To make the long path easy. Marvelling,

Aeneas gladly looked at all about him,

Delighted with the setting, asking questions,

Hearing of earlier men and what they left.

The King Evander, founder unaware

Of Rome’s great citadel, said:

“These woodland places

once were homes of local fauns and nymphs

together with a race of men that came

from tree trunks, from hard oak: they had no way

of settled life, no arts of life, no skill

at yoking oxen, gathering provisions,

practising husbandry, but got their food

from oaken boughs and wild game hunted down.

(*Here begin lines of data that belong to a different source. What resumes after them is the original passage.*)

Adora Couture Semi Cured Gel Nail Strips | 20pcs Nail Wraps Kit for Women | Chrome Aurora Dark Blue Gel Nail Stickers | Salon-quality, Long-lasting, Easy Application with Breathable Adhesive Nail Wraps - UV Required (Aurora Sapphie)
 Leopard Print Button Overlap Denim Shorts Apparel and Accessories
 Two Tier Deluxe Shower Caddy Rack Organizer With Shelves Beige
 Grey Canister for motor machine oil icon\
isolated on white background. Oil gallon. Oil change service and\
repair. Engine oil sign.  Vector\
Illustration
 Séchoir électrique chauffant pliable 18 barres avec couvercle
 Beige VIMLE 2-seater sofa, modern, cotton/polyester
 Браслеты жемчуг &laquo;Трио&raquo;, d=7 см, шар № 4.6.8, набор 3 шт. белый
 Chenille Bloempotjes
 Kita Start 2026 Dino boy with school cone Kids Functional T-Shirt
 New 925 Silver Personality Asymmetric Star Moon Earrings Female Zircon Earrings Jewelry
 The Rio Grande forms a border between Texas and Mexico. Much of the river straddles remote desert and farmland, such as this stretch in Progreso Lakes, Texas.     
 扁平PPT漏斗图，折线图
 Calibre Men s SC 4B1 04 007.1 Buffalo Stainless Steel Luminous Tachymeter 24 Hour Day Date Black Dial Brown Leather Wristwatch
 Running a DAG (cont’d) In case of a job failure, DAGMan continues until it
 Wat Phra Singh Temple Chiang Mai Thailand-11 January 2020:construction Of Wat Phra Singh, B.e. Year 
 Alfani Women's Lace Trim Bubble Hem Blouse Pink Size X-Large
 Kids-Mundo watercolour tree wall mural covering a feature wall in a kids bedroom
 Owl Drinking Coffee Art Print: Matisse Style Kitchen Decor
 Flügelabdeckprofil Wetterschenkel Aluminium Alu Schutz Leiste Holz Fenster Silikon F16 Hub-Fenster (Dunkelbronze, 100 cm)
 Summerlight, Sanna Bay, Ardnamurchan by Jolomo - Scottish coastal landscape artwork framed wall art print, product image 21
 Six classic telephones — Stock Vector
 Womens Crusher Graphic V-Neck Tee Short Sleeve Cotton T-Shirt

In that first time, out of Olympian heaven,

Saturn came here in flight from Jove in arms,

An exile from a kingdom lost; he brought

These unschooled men together from the hills

Where they were scattered, gave them laws, and chose

The name of Latium, from his latency

Or safe concealment in this countryside.

In his reign were the golden centuries

Men tell of still, so peacefully he ruled,

Till gradually a meaner, tarnished age

Came on with fever of war and lust of gain.

Then came Ausonians and Sicanians,

And Saturn’s land now often changed her name,

And there were kings, one savage and gigantic,

Thybris, from whom we afterborn Italians

Named the river Tiber. The old name,

Albula, was lost. As for myself,

In exile from my country, I set out

For the sea’s end, but Fortune that prevails

In everything, Fate not to be thrown off,

Arrested me in this land – solemn warnings

Came from my mother, from the nymph Carmentis,

Backed by the god Apollo, to urge me here.”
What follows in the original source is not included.